Baseado em um dos três antagonistas do poema épico Beowulf, Grendel é o maior dos vilões de mundo sem heróis, onde o sobrenatural e o urbano se cruzam. Às vezes reconhecido por terceiro como o chefe de um império do crime de proporções inimagináveis, outras tratado como uma lenda urbana ao estilo Batman, e mais comumente referido como o diabo em pessoa, o personagem é vilanesco em sua essência – fato que o leitor verifica ao acompanhar lapsos de sua infância, juventude e ascensão criminosa em histórias que vão desde o mais puro suspense com características noir (como A Marca do Diabo e O Advogado do Diabo, vencedora do prêmio Eisner de Melhor História Curta) até o horror psicológico (A Língua do Diabo; A Maldição do Diabo), passando pelo humor negro ortonesco (A Testemunha do Diabo; O Taco do Diabo) e a tragédia (Réquiem do Diabo e A Diva do Diabo).

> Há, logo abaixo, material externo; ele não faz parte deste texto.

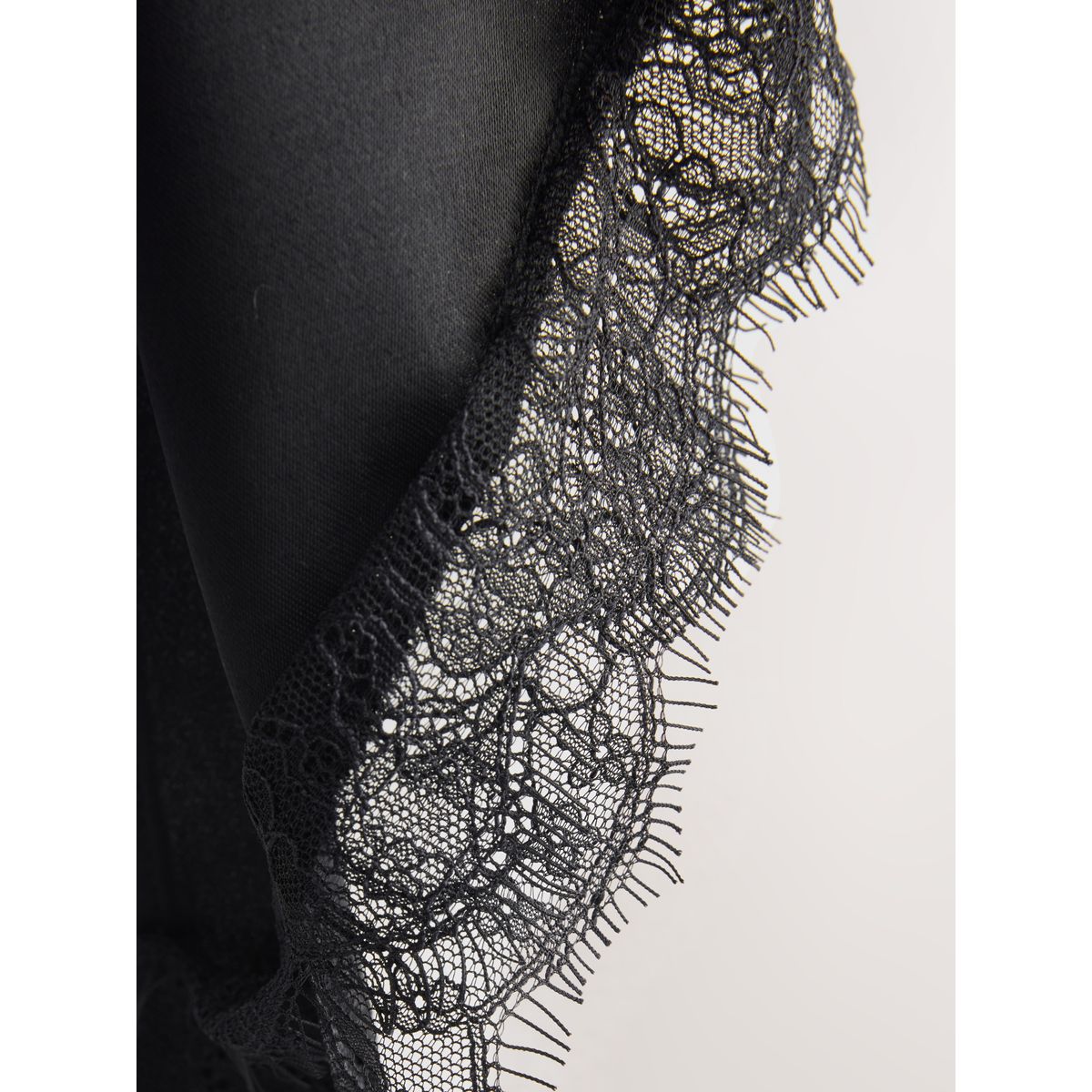 Écharpe triangle à finition en dentelle noir, NEXT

Retratando um assassino implacável, um manipulador cínico, o texto não apresenta nenhum traço de moralismo nas relações do carismático vilão com seus inimigos, aliados ou mesmo com sua sobrinha, único ser pelo qual nutri algo que se assemelha a afeto – desse modo, Hunter Rose, ou melhor, Grendel se torna querido pelo leitor de modo inusitado, único: através de sua maldade cativante.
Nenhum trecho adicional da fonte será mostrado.